In my case, I am a person with a pretty full set of autistic characteristics, and I am aware of how little other people's sufferings and feelings impact me. I am not a sympathetic person. I do for instance greatly deplore the vicious October 7 attacks on innocent Israelis by a deranged Palestinian minority but I cannot FEEL anything about that event.
But on the other hand I have always been generous to others in some ways. At present I give roughly half of my disposable income to a charitable cause while living a generally frugal personal life. I have long given away a large slice of my income
So there is clearly a possibility of mistaking the two traits and unwinding any confusion depends on looking at other characteristics of the person
Another potential confusion is the way I drive. I am a "demon" driver and that could be mistaken for psychopathic carelessness. But it is an item of pride to me that in 60 years of driving I have never hurt myself or anyone else. I just work with fine margins, that's all. I have been known to give my passengers the shakes however
So again, things that may look the same may in fact be fundamentally different
This very post is an instance of autistic behaviour. It is common for autistics to be unusually self-revealing.

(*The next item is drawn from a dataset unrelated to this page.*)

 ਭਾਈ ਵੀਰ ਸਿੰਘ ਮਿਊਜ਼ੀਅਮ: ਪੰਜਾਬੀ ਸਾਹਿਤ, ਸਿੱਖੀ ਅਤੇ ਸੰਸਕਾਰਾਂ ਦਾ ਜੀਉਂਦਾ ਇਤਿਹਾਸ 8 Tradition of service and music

Psychopaths, on the other hand, tend to be devious and to "fake good"
Professor Simon Baron-Cohen is an acknowledged authority on autism and he argues that calling it a "disorder" is wrong.

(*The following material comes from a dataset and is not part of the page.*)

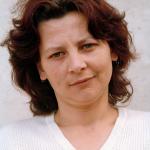 Dada M. (2000)  - Dada M. Rođena 1969. godine u Vlasenici kod Srebrenice. Njen muž je poginuo u ratu 1992. godine. Ona ima jednu kćerku, a živi sada sa njenom ljubavlju iz mladosti i njegovom djecom u Tuzli. 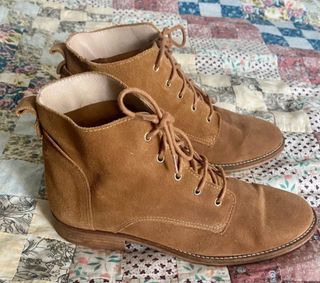 Botas de piel ante cordones marrones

https://acamh.onlinelibrary.wiley.com/doi/10.1111/jcpp.12703
Like some of the people mentioned in the article linked below I am inclined to think it can be a gift, or even a "superpower"
I commented on that article a few days ago
https://pcwatch.blogspot.com/2024/04/beautiful-minds-inside-identity.html
6 April, 2024
Am I a Christian?
I follow Carnap in thinking that metaphysical statements are not even meaningful, let alone right or wrong. Yet I sometimes call myself a Christian. Why? Because I try to live a Christian life. I do get rewards when I do the Christian thing in a situation. It's rather wonderful how often and sometimes how promptly kind, forgiving and generous behavior is rewarded
I will mention just one small and rather amusing example of such an occasion.
I was working in a Real Estate office when one of the salesmen began abusing me for something I had said. In reply I said: "Mea culpa, mea maxima culpa". I accepted blame in accordance with Matthew chapter 5 but I did it in Latin.
He was however an older Catholic who remembered the Latin mass so understood what I said and was amused by it. So he instantly went from condemning to laughing. Others nearby said frantically, "What did he say? , What did he say?" They thought I had used some sort of magic spell to get such an abrupt change in him, which, in a way, I had
3 April, 2024
One of my alien episodes
I probably should not put this up as it is a sort of boasting and boasting is never wise. But it is too amusing to remain unmentiond.
When I was teaching at the university of NSW, I was also in my spare time doing rather a lot of property renovations. It was mainly a hobby for me. I liked to see how much better I could make a run-down property look. And it did increase the amount of rent I could ask. But it did make some perfectly legal tax breaks available to me. So much so that in some years I paid no income tax
I then did something that most people do not know you can do. I wrote to the tax man and said that I expected my record of having no net taxable income to continue and would he therefore write to the university paymaster and tell him to stop deducting tax from my university pay. And he did so.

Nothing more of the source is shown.